@reaatech/hybrid-rag-ingestion
Status: Pre-1.0 — APIs may change in minor versions. Pin to a specific version in production.
Multi-format document loading, preprocessing, validation, and four configurable chunking strategies for hybrid RAG systems. Supports PDF, Markdown, HTML, and plain text with deterministic chunk ID generation.
Installation
npm install @reaatech/hybrid-rag-ingestion
# or
pnpm add @reaatech/hybrid-rag-ingestion
Feature Overview
Multi-format loading — PDF, Markdown, HTML, and plain text with automatic format detection
Text preprocessing — Unicode normalization, whitespace normalization, special character handling
Document validation — duplicate detection via content hashing, file size limits, format verification
Four chunking strategies — Fixed-Size, Semantic, Recursive, Sliding Window
Deterministic chunk IDs — reproducible IDs based on document ID + chunk index
Chunking benchmarks — compare strategies on your documents with measured quality
Typed errors — UnsupportedFormatError, FileSizeExceededError, DocumentParseError
Quick Start
import {
DocumentLoader,
TextPreprocessor,
DocumentValidator,
chunkDocument,
ChunkingStrategy,
} from '@reaatech/hybrid-rag-ingestion' ;
// Load a document
const loader = new DocumentLoader ({ allowedFormats: [ 'pdf' , 'md' , 'html' , 'txt' ] });
const doc = await loader. loadFile ( './docs/report.pdf' );
console. log ( `Loaded: ${ doc . id }, ${ doc . content .length } chars` );
// Validate
const validator = new DocumentValidator ({ maxFileSize: 10 * 1024 * 1024 }); // 10MB
const validation = validator. validate (doc);
// Chunk
const chunks = await chunkDocument (
doc.content,
doc.id,
{
strategy: ChunkingStrategy.SEMANTIC,
chunkSize: 512 ,
overlap: 50 ,
similarityThreshold: 0.5 ,
},
doc.metadata,
);
API Reference
Document Loading
DocumentLoader
Constructor Option Type Default Description allowedFormatsstring[]['pdf','md','html','txt']Whitelist of accepted formats
Method Returns Description loadFile(filePath)DocumentLoad and parse a single file loadDirectory(dirPath)Document[]Load all supported files in a directory
Custom Errors
Error When UnsupportedFormatErrorFile format not in allowedFormats FileSizeExceededErrorFile exceeds maxFileSize limit DocumentParseErrorParse failure for the detected format
Preprocessing
TextPreprocessor
Option Type Default Description normalizeUnicodebooleantrueNormalize to NFC form normalizeWhitespacebooleantrueCollapse multiple spaces, normalize newlines removeControlCharsbooleantrueStrip non-printable control characters
Validation
DocumentValidator
Option Type Default Description maxFileSizenumber10 * 1024 * 1024Max file size in bytes minContentLengthnumber1Minimum document content length
ValidationResult
Property Type Description validbooleanWhether the document passed all checks errorsstring[]List of validation error messages
Chunking Strategies
All strategies produce Chunk[] with deterministic IDs.
Fixed-Size
Splits by token count, word count, or character count with configurable overlap.

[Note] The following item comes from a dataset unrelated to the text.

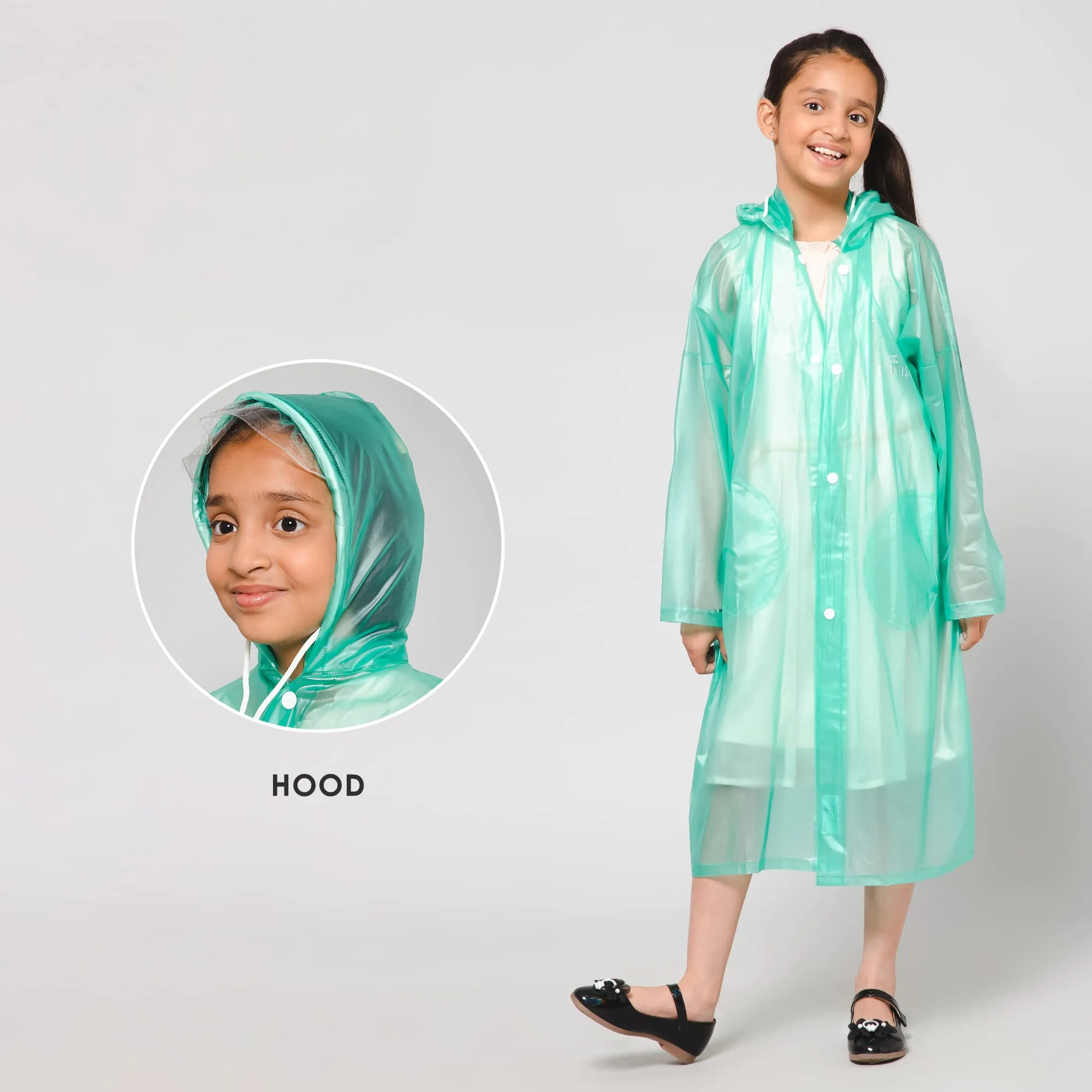 THE CLOWNFISH Wet & Wild Series Unisex Kids Waterproof Single Layer PVC Longcoat/Raincoat with Adjustable Hood. Age-4-5 Years (Fern Green)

const chunks = await chunkDocument (content, docId, {
strategy: ChunkingStrategy.FIXED_SIZE,
chunkSize: 512 , // tokens
overlap: 50 ,
});
Parameter Description chunkSizeTarget size in tokens overlapOverlap between consecutive chunks in tokens
Semantic
Splits at topic boundaries using sentence-level similarity. Best for long-form content.

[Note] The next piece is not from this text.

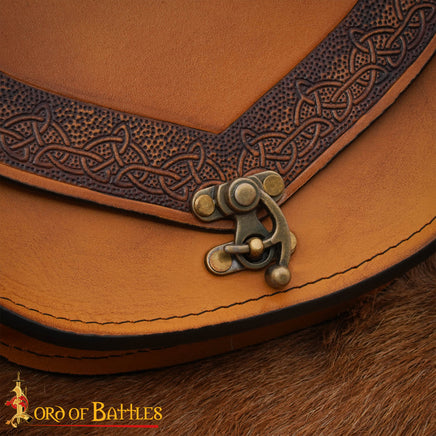 Larping Costume Genuine leather Viking Knotwork Etched Belt Bag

const chunks = await chunkDocument (content, docId, {
strategy: ChunkingStrategy.SEMANTIC,
chunkSize: 512 ,
overlap: 50 ,
similarityThreshold: 0.5 ,
});
Parameter Description similarityThresholdMinimum similarity for boundary detection (0–1)
Recursive
Hierarchical splitting: headers → paragraphs → sentences. Best for structured documents.

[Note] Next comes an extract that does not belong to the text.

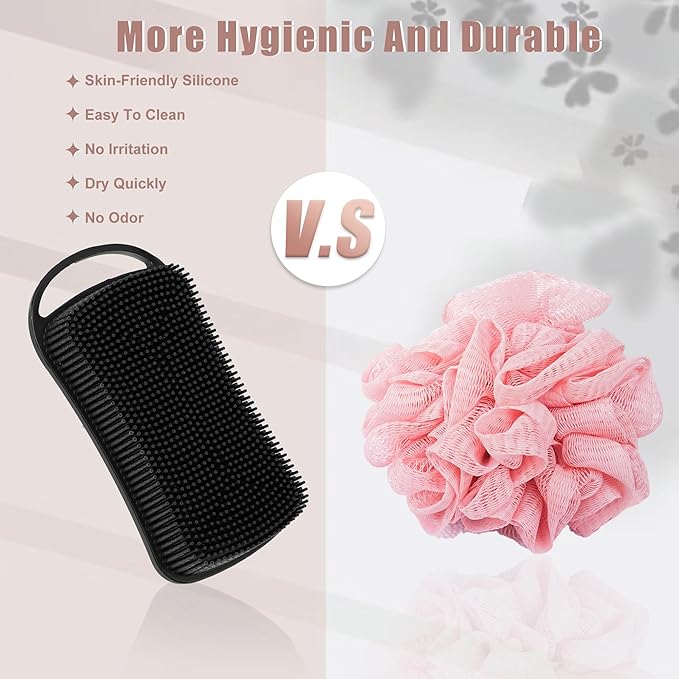 VOCOSTE Silicone Body Scrubber, 2 in 1 Body Brush Hair Scalp Massager, Soft Body Scrubbers for Use in Shower, Lathers Well Exfoliating Body Scrubber for All Skin Types, Black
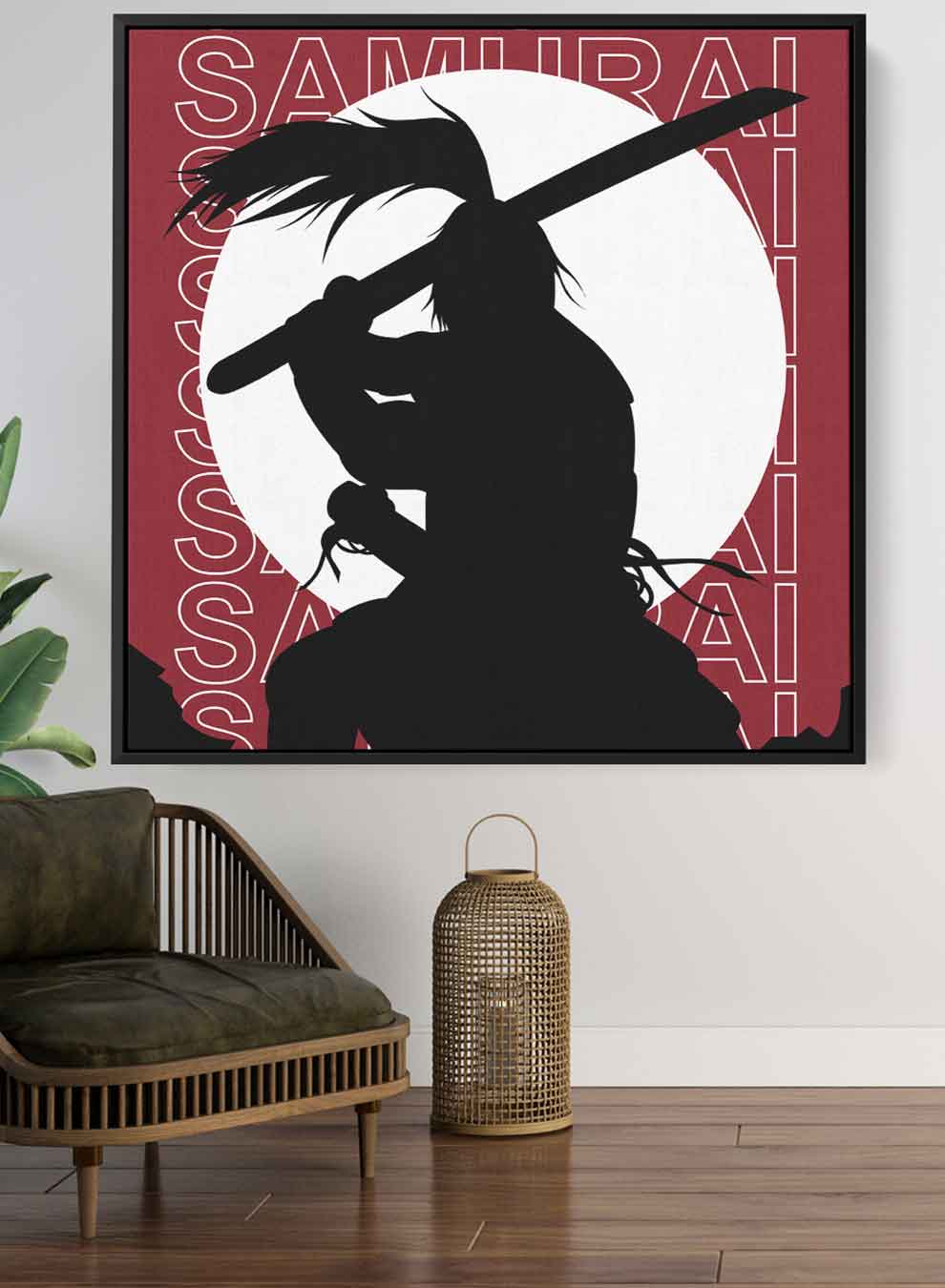 Square Canvas Wall Art Stretched Over Wooden Frame with Black Floating Frame and Samurai Silhoutte Painting Paintings & Pictures| LOWHA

const chunks = await chunkDocument (content, docId, {
strategy: ChunkingStrategy.RECURSIVE,
chunkSize: 512 ,
separators: [ '\n## ' , '\n' , '. ' ],
});
Parameter Description separatorsSplitting delimiters in priority order
Sliding Window
Fixed window moving by configurable stride. Best for dense retrieval scenarios.
const chunks = await chunkDocument (content, docId, {
strategy: ChunkingStrategy.SLIDING_WINDOW,
windowSize: 512 ,
stride: 256 ,
});
Parameter Description windowSizeSize of each window in tokens strideStep size between windows in tokens
Chunking Engine
ChunkingEngine
Orchestrator that routes to the correct strategy:
Method Description chunkDocument(content, docId, config, metadata?)Main entry point — returns Chunk[] chunkBatch(documents, config)Process multiple documents in sequence
ChunkingBenchmark
Compare strategies head-to-head:
import { ChunkingBenchmark } from '@reaatech/hybrid-rag-ingestion' ;
const benchmark = new ChunkingBenchmark ();
const results = await benchmark. benchmark (documents, [
{ name: 'fixed-512' , config: { strategy: ChunkingStrategy.FIXED_SIZE, chunkSize: 512 , overlap: 50 } },
{ name: 'semantic-512' , config: { strategy: ChunkingStrategy.SEMANTIC, chunkSize: 512 , overlap: 50 } },
]);
console. table (results. map (r => ({ name: r.name, chunkCount: r.chunkCount, avgTokens: r.avgTokens })));
Related Packages
@reaatech/hybrid-rag — Core types (Document, Chunk, ChunkingConfig)
@reaatech/hybrid-rag-retrieval — Retrieval engines (consume chunks)
@reaatech/hybrid-rag-pipeline — RAGPipeline orchestrator
License
MIT